• _What you need to do_:
Produce an exact transcription of the data, with the images left out.

• _Given material_:
====

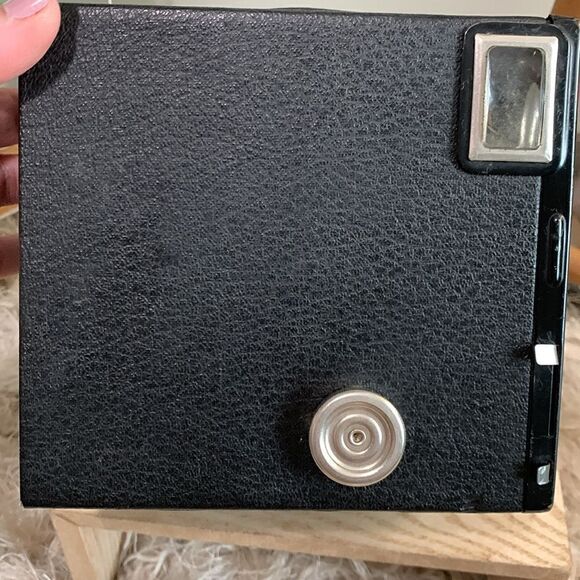 Vintage Brownie Box Camera Target SIX-16 Eastman Kodak Company - Picture 11 of 17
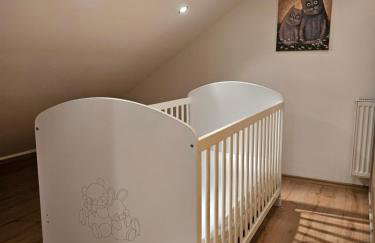 Holiday Home Pampas - Photo 7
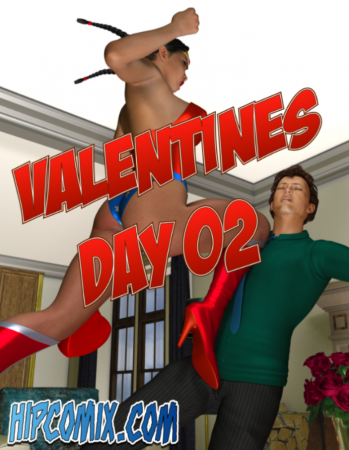 Lord Snot - Valentine's Day 2026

====

• _Answer below_:
 Vintage Brownie Box Camera Target SIX-16 Eastman Kodak Company - Picture 11 of 17
 Holiday Home Pampas - Photo 7
 Lord Snot - Valentine's Day 2026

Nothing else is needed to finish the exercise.